535.761.81 - Hypersonic Aerothermodynamics
Description
The course objective is to demonstrate the design process of a hypersonic vehicle’s thermal protection system (TPS). The first half of the course analyzes the inviscid flow-field surrounding blunt and slender bodies traveling at high speeds. Topics include compressible gas dynamics, high-temperature physics, and reacting flows. The second half of the course then uses the flow field predictions to calculate the aerothermal loads and material response of the TPS. Topics include compressible boundary layers, material ablation, and thermal conduction into the TPS. The students will solve a combination of theoretical and numerical problems using MATLAB or Python, culminating in a final design project.
Instructor
Matthew Leibowitz
Course Structure
The course materials are divided into modules which can be accessed by clicking Modules on the course menu. A module will have several sections including the overview, lectures, readings, and assignments. You are encouraged to preview all sections of the module before starting. All modules run for a period of seven (7) days, and the homeworks are due on the first day of the following module. The only exception is the final project which is due on the 4th day (Thursday) of the 14th Module. The Calendar and Announcements will list the add assignment due dates.
Course Topics
| Module Number | Module Name | Module Topics |
| 1 | Introduction | brief history of hypersonic historical firsts, define hypersonic flow, describe the course topics and expectations |
| 2 | Compressible Gas Dynamics | Wedges and cones overview, shock jump relations (normal and oblique shock relations), attached shock solutions (wedges and taylor-Maccoll solution), Prandtl-Meyer Expansion Waves, detached shock solution |
| 3 | Local Surface Inclination Methods | Newtonian flow theory, Tangent wedge/tangent cone, Shock-expansion method |
| 4 | Flight Mechanics | General equations of motion for entry, balistic trajectories, equilibrium glide trajectories |
| 5 | Chemical equilibrium | Background on thermodynamics and chemical equations, Gibbs free energy and law of mass action |
| 6 | Finite rate processes | Microscopic description of gases, vibrational-translational energy exchange, chemical nonequilibrium |
| 7 | Reacting Flows | Rayleigh and Hugoniot lines, quasi 1D reacting flow equations, stagnation point modelling |
| 8 | Compressible Boundary Layers | Compressible boundary layer theory, Crocco-Busemann relations |
| 9 | Laminar Aerodynamic Heating | General self-similar equations, flat plate/cone heating correlations, stagnation point heating correlations |
| 10 | Turbulent Boundary Layers | Introduction to turbulent flow modelling, turbulent boundary layer correlations, boundary-layer transition |
| 11 | Thermochemical Surface Ablation | Introduction to ablation modelling, conservation of elements /derive B’ tables, Conservation of energy at the surface |
| 12 | In-depth Material Response | Derivation of in-depth equations, building a pyrolysis model, finite-different approximations |
| 13 | Project | Final project |
| 14 | Conclusions | Moving to higher fidelity design: Using viscous CFD for aerodynamic heating calculations, Experimental facilities |
Course Goals
By the end of the course, students will be able to understand the physics needed to design a thermal protection system of a vehicle moving at hypersonics speeds. They will be able to apply the physics in order to design the TPS for a real world application.

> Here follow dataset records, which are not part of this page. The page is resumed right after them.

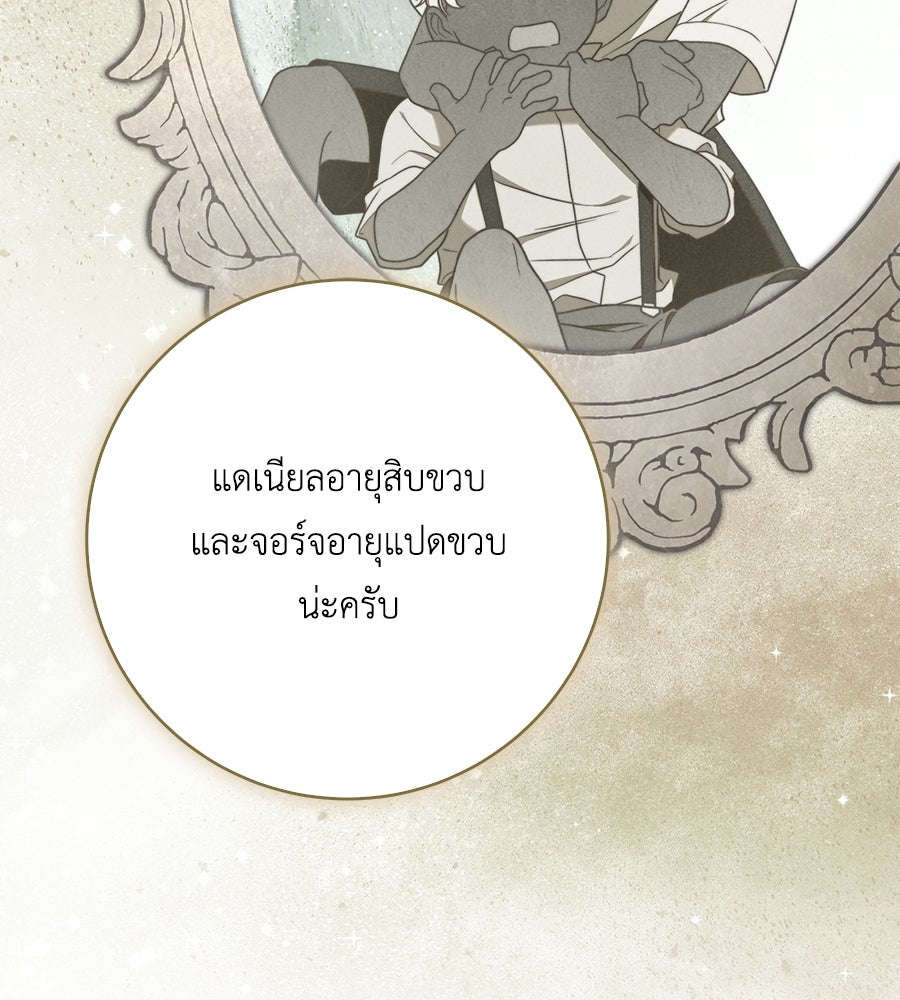 สุดยอดแม่สื่อแห่งลอนดอน - หน้า 97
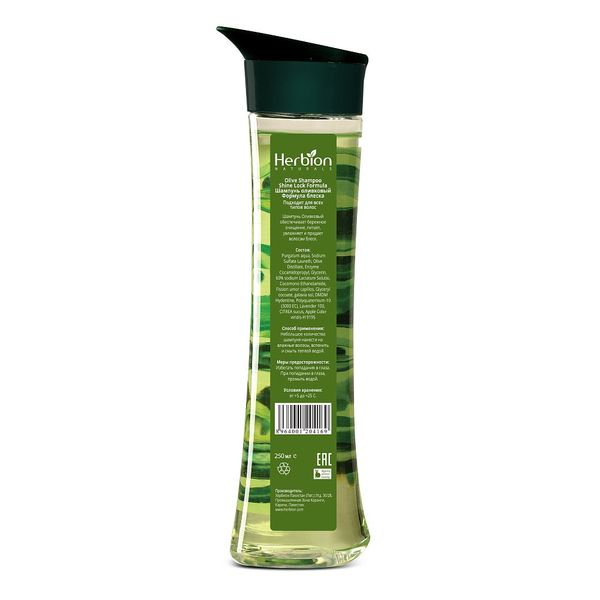 Шампунь для волос оливковый Формула блеска Herbion Pakistan/Хербион Пакистан 250мл фото №2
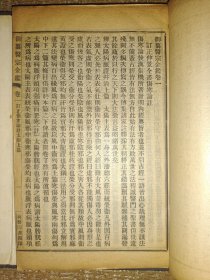 医宗金鉴(24册90卷全,品佳)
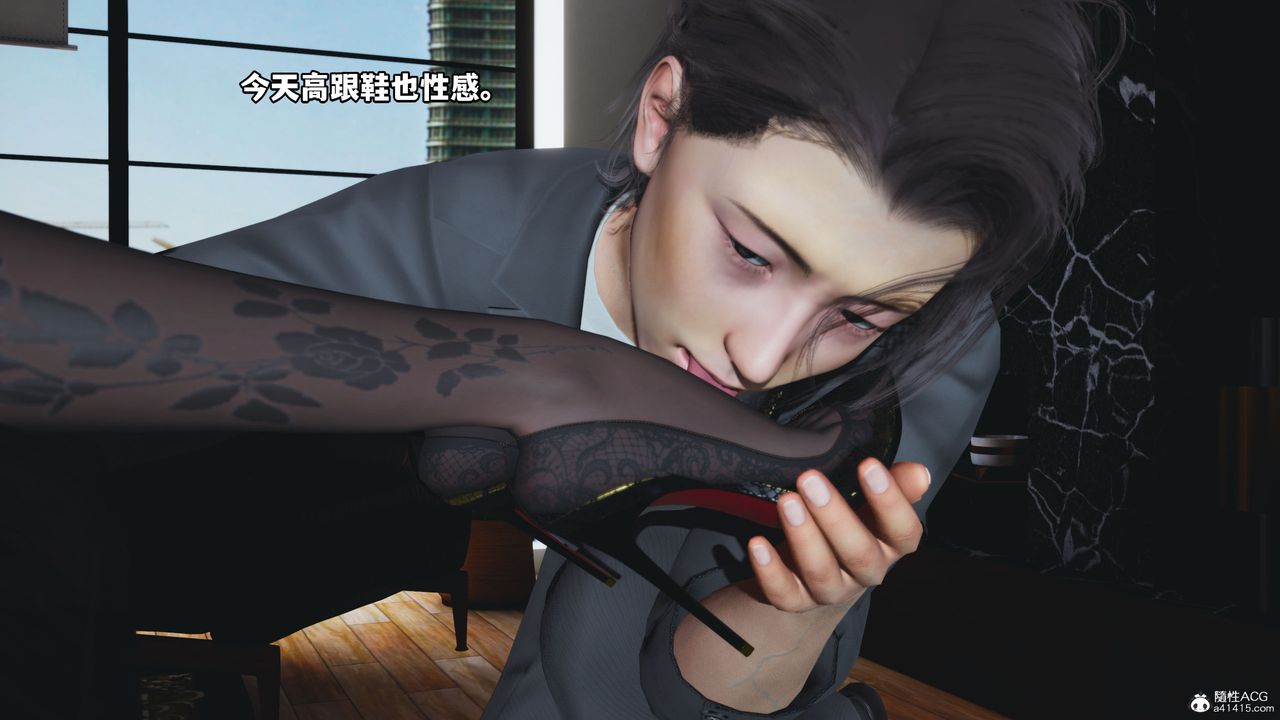 《[3D]我成瞭大反派_第二季》漫画 第19話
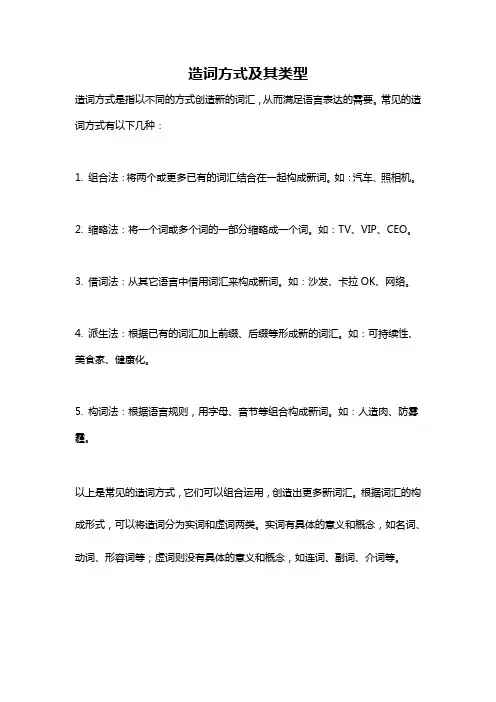 造词方式及其类型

Course Learning Outcomes (CLOs)
- 1) Using compressible fluid mechanics principles, calculate surface pressure and design trajectories based on ballistic and equilibrium glide assumptions.
- 2) Calculate inviscid flow conditions in a reacting flow environment in order to obtain boundary layer edge conditions for heating calculations.
- 3) Calculate laminar and turbulent heat-transfer coefficients in order to predict aerodynamic heating.
- 4) Simulate material response of thermal protection systems.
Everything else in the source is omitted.